The $76 Billion Context
In its March 2026 report, MedPAC estimated that Medicare spends $76 billion more on Medicare Advantage enrollees than it would if those enrollees were in traditional fee-for-service Medicare. Of that overspend, $57 billion comes from favorable selection and $22 billion comes from coding intensity. Eight of the ten largest MA organizations had coding intensity scores five or more points above CMS’s adjustment factor. The overpayments increase Part B premiums for all Medicare beneficiaries by approximately $11 billion per year, roughly $175 per person.
These numbers matter because they represent the political and regulatory backdrop against which every retrospective coding program operates. Congress held dual hearings in January 2026 with insurer CEOs. The bipartisan UPCODE Act (S.1105) proposes excluding chart-review-only diagnoses and health risk assessment diagnoses from risk adjustment calculations, with CBO estimating $124 billion in savings over ten years. CMS finalized the exclusion of unlinked chart review diagnoses for CY 2027.
Retrospective chart review didn’t create this problem alone. But it’s at the center of the policy response, because add-only retrospective programs are the primary mechanism through which coding intensity accumulates year after year.
Why the Policy Response Targets Retrospective Specifically
The MedPAC data and Congressional action focus on retrospective coding because it produces a measurable, trackable signal. When a plan’s submitted diagnoses consistently increase through chart review activity without corresponding changes in clinical outcomes or service utilization, the data shows coding intensity rather than patient complexity. This is the signal that CMS monitors at the population level and that regulators cite when explaining enforcement actions.
Add-only programs amplify this signal with each review cycle. Every year, the program adds codes. Every year, the risk scores rise. The cumulative effect over multiple years is a coding profile that diverges from clinical reality by a widening margin.
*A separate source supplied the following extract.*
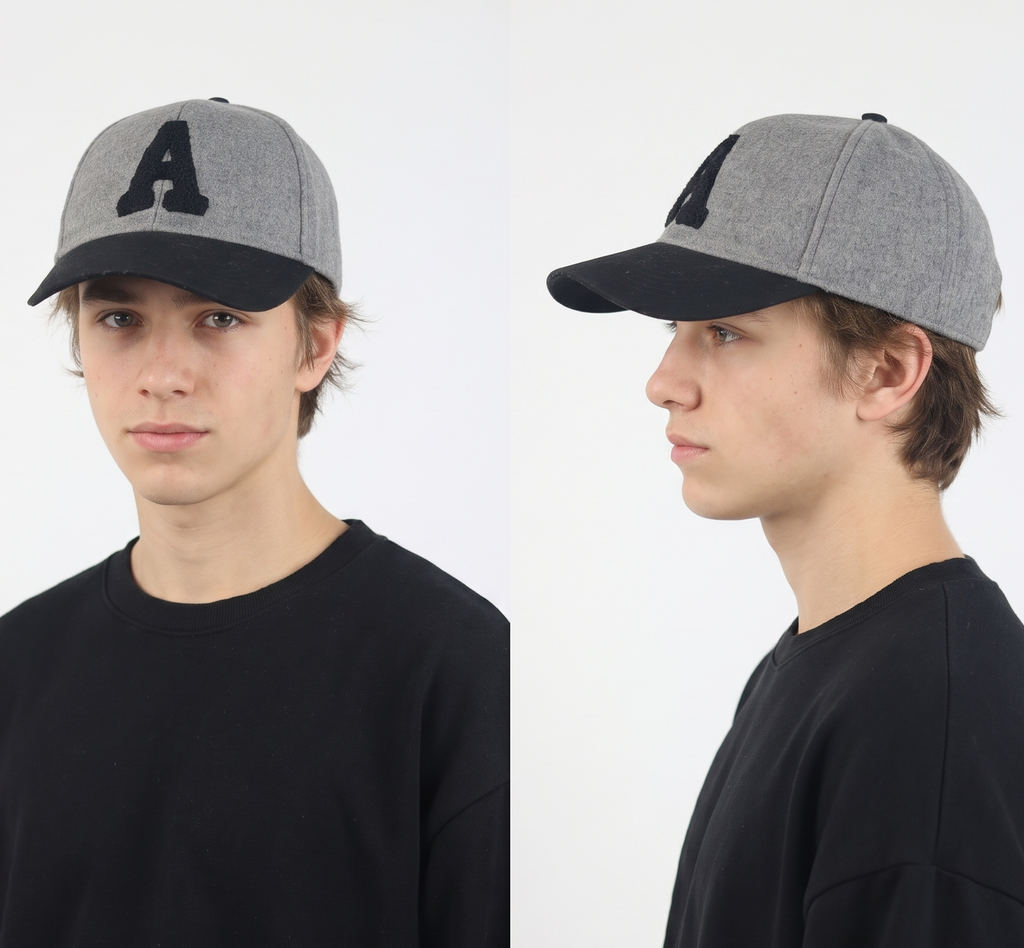 Thrifted Atmosphere Letter "A" Snapback Winter Baseball Cap Size 56-57cm | 11023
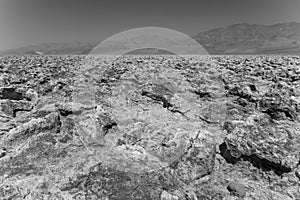 Area of salt plates in the middle of death valley, called Devil`s Golfe Course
MedPAC’s finding that coding intensity accounts for $22 billion in excess payments quantifies the aggregate result of this pattern across the entire MA industry.
The policy tools targeting this pattern are already in motion. The unlinked chart review exclusion for CY 2027 means diagnoses found only through retrospective review and never linked to an encounter will no longer generate risk score credit. The UPCODE Act, if passed, would go further. The direction is unmistakable: retrospective programs that inflate codes without clinical grounding are losing their financial return as a matter of policy design.
What Survives the Policy Shift
Not all retrospective coding is under threat. CMS isn’t eliminating retrospective review. It’s eliminating the value of retrospective review that operates disconnected from clinical care. Diagnoses identified through chart review that are linked to legitimate encounters, supported by MEAT-based clinical evidence, and validated through two-way processes that add and remove codes still generate appropriate risk score credit. The model targets the how, not the what.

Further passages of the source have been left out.